§ TASK GOAL: Every entry below should come back unchanged, except that the pictures are dropped.
[Opening RECORDED DATA section]
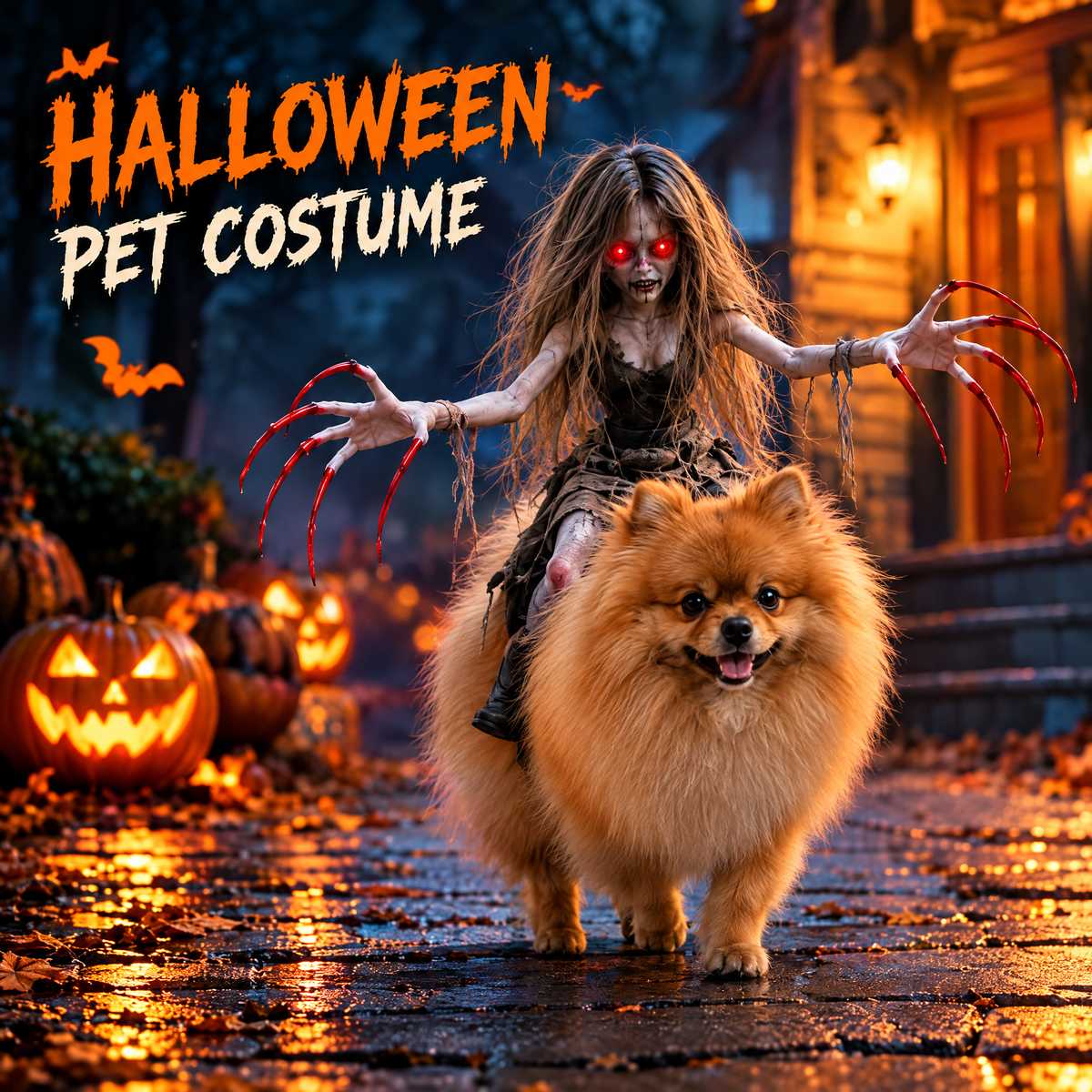 🎃 Creepy Doll Rider Halloween Pet Costume – Spooky Dog Harness Outfit 👻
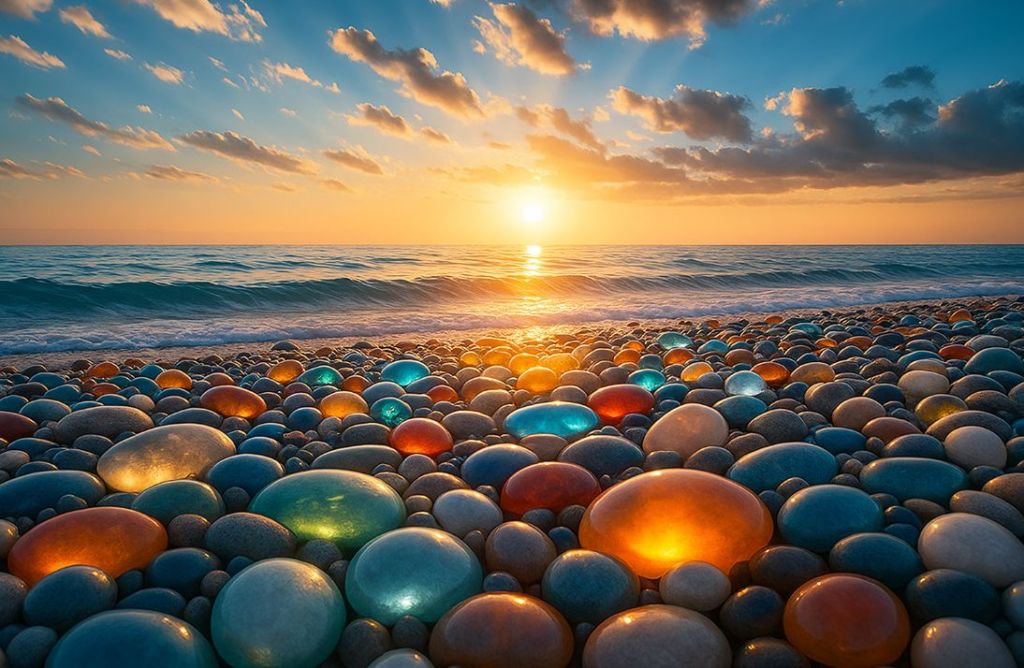 İzmir’in Seferihisar ilçesinde yer alan Renkli Taşlar Plajı, doğal güzelliğiyle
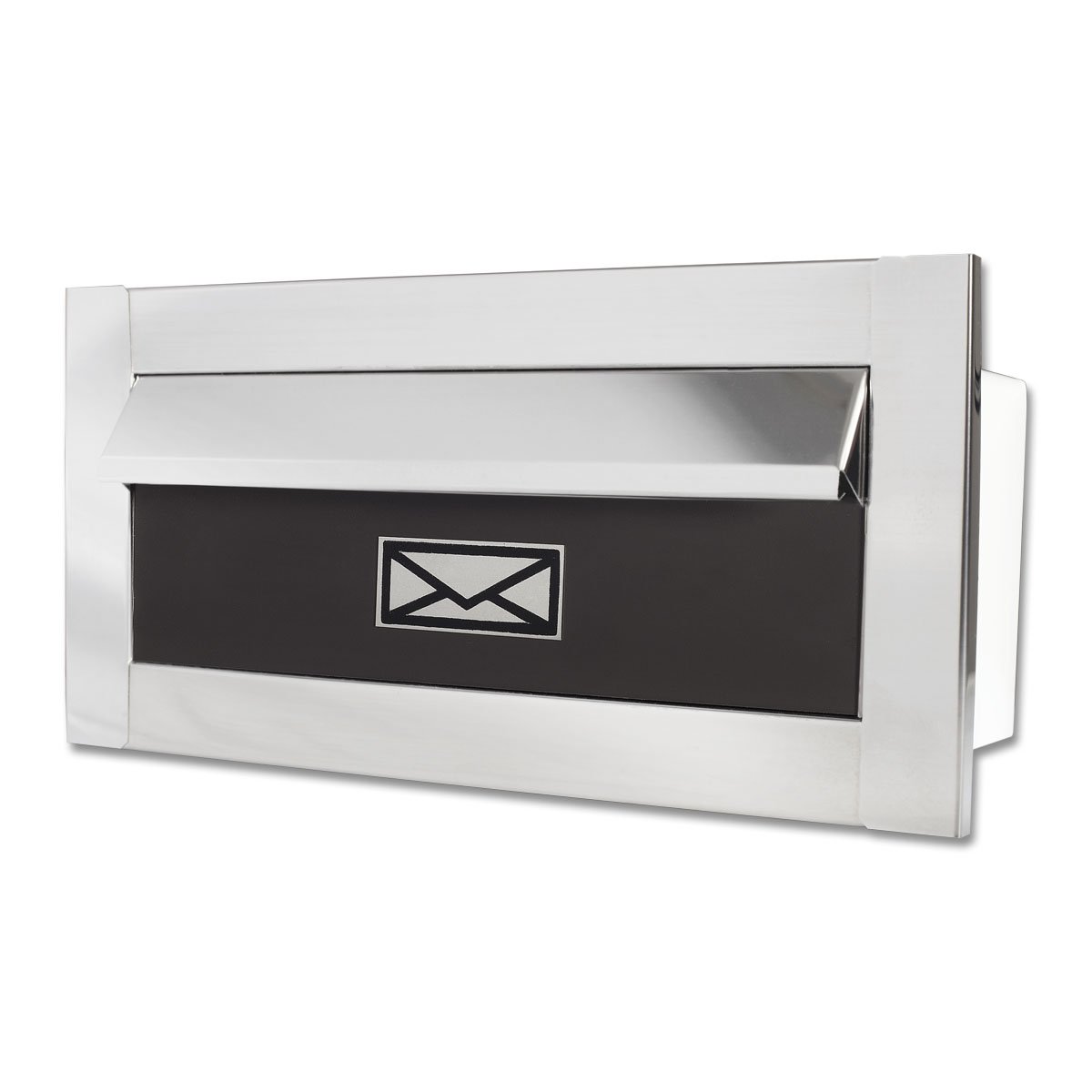 Caixa De Correio carta F Inox polido brilhante espelhado c tarja marrom 20 cm profundidade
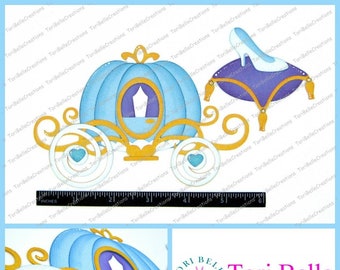 Cinderella Carriage & Slipper: Handmade Paper Piecing Die Cut, Scrapbook Page Embellishment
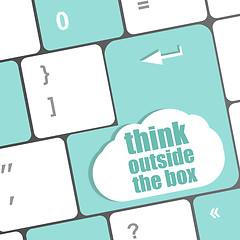 Image showing think outside the box words, message on enter key of keyboard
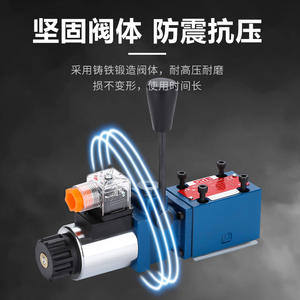 Vanne directionnelle hydraulique à solénoïde à quatre voies à trois positions 4WE6/10 24V Vanne à solénoïde à commande manuelle - Product Image 2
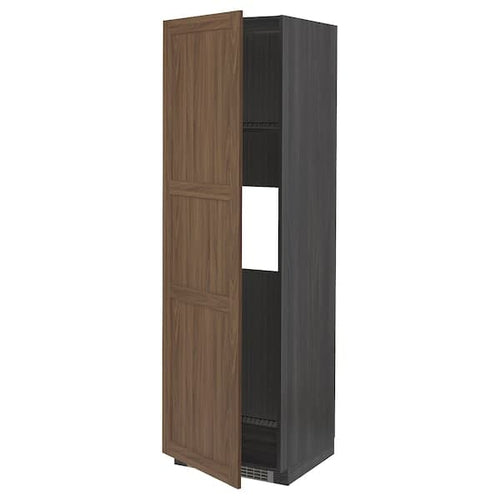 METOD - High cab f fridge or freezer w door, black Enköping/brown walnut effect, 60x60x200 cm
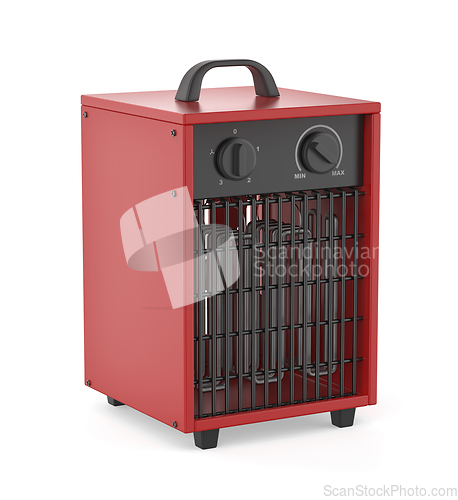 Image of Red industrial electric fan heater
[Closing RECORDED DATA section]
§ TASK ANSWER:
 🎃 Creepy Doll Rider Halloween Pet Costume – Spooky Dog Harness Outfit 👻
 İzmir’in Seferihisar ilçesinde yer alan Renkli Taşlar Plajı, doğal güzelliğiyle
 Caixa De Correio carta F Inox polido brilhante espelhado c tarja marrom 20 cm profundidade
 Cinderella Carriage & Slipper: Handmade Paper Piecing Die Cut, Scrapbook Page Embellishment
 Image showing think outside the box words, message on enter key of keyboard
 Vanne directionnelle hydraulique à solénoïde à quatre voies à trois positions 4WE6/10 24V Vanne à solénoïde à commande manuelle - Product Image 2
 METOD - High cab f fridge or freezer w door, black Enköping/brown walnut effect, 60x60x200 cm
 Image of Red industrial electric fan heater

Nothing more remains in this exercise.